The "centrifugal" force experienced by an object moving along a curved path is only present in the rotating reference frame of the object. The fact that it does not exist unless you are in the rotating frame is evident from an analysis of Newton's laws.
Newton's First Law (N1L) - An object at rest tends to stay at rest and an object undergoing uniform linear motion will continue in that motion along a straight line unless acted upon by an outside force provided one is in an inertial reference frame.
This is important for the understanding of rotation because it says that something moves in a straight line at constant velocity (both how fast and the direction of motion) unless some other thing exerts a force on it. That is, you need two different bodies to change the state of motion. An inertial reference frame is best defined as a reference frame where Newton's First Law is valid. That is to say, things do not change velocity unless there is an obvious external agent. Strictly speaking, Earth is not an inertial reference frame because things fall to the floor unless some force holds them up. It is obvious to us that gravity pulls the object down, but this is only true because we live in a post-Newton time.
Newton's Second Law (N2L) - The total acceleration an object experiences is equal to the force exerted on that object divided by the mass of the object. Further the acceleration and the force point in the same direction.
What does this mean for the current discussion? First, in order for an object to accelerate there must be a non-zero force on it. Also, the direction of the acceleration is the direction of the force. So, by looking at the acceleration of an object we can see which direction the net force points.
Newton's Third Law (N3L)- If one object (A) exerts a force on a second object (B) then B exerts a force equal in magnitude and opposite in direction on A.
The third law is the least understood law. At first glance it would seem to suggest that there is no net force because forces show up in equal and opposite pairs. Well, if there are two forces equal in strength but pointing in opposite directions then the net force should be zero, and there should be no acceleration (N2L), right? Not quite. The third law works on two different bodies while the second law is concerned with the forces on a single body.
So, what does this have to do with anything? First, Newton's laws are only valid in an inertial reference frame or in a frame where you can explicitly consider all or safely neglect some of the external forces. Due to gravity, Earth is not an inertial frame, but most of the time we can neglect the gravitational force, especially if we confine ourselves to a horizontal plane. In a rotation problem/experiment the only inertial frame is outside of the rotation.
Think of it this way, one person is on a spinning merry-go-round (Mary) and another is standing on the ground (Stan). Stan is closer to an inertial frame than Mary because he can see N1L working on Mary. On the other hand, Mary is not in an inertial frame because she 'feels a force pushing' her out from the center with no other object exerting it. That is, for Mary N1L is not valid. Stan's view is the one we need to take when analyzing the problem.

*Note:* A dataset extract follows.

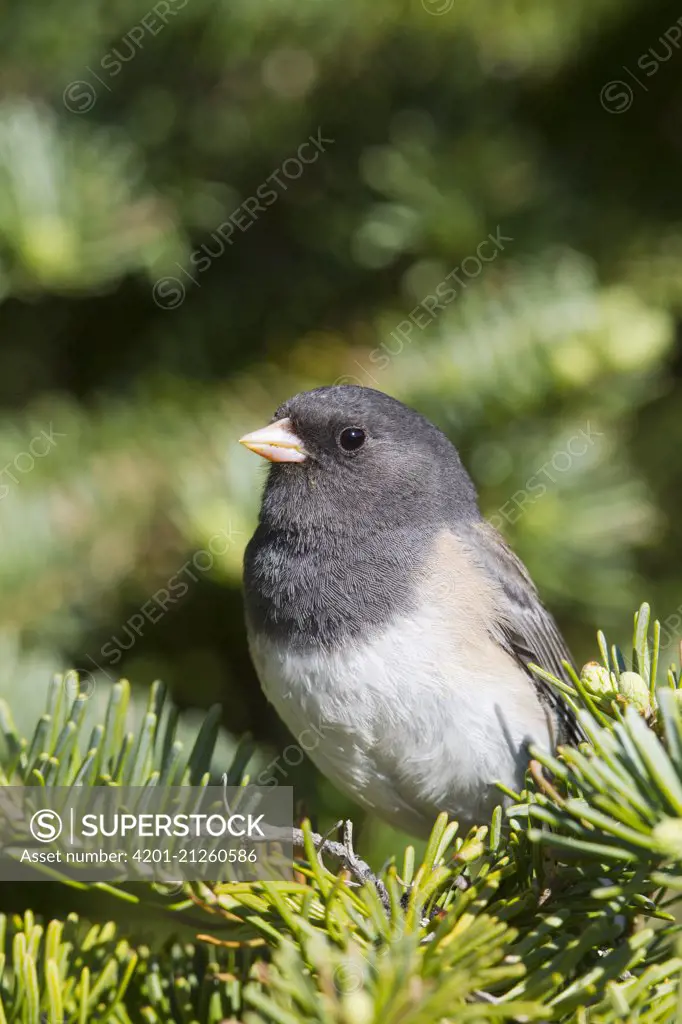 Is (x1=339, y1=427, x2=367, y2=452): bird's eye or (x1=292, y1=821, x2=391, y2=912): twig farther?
(x1=339, y1=427, x2=367, y2=452): bird's eye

Stan sees that Mary's velocity is constantly changing. She may be moving with the same speed the whole way around, but her direction of motion is always changing. If you think about it a little you should be able to convince yourself that Mary's velocity direction is changing toward the center of the path. This is the direction of her acceleration. By N2L we see that the acceleration is in the same direction as the force, and Stan sees that there is a net force on Mary. Further, this force is directed toward the center of the circle, not away.
As for N3L, the centrifugal force cannot be exerted on Mary because the centripetal force leads to an acceleration toward the center. If the centrifugal force where the third law partner of centripetal, Mary's acceleration would be zero. This is not the case.
From Mary's point of view everything is jumbled. She experiences a force pushing things away from the center of rotation. If she where on a huge merry-go-round (10 km radius) totally enclosed with no way to look outside, she would be hard pressed to determine from a local experiment whether she were rotating or just on a tipped platform.
Centripetal force is a true force in the sense that a separate object must exert it. That object can be a rope (like in tether-ball), a mass (like the Earth holding the Moon in orbit), or a charge (like the positive nucleus holding the electrons to the atom). Centrifugal force is a 'fictitious' in the sense that it is caused by an object's own inertia. The former exists in an inertial reference frame and is easily understood from Newton's Laws, while the latter is an artifact of a non-inertial reference frame and requires considerable effort to understand where it comes from.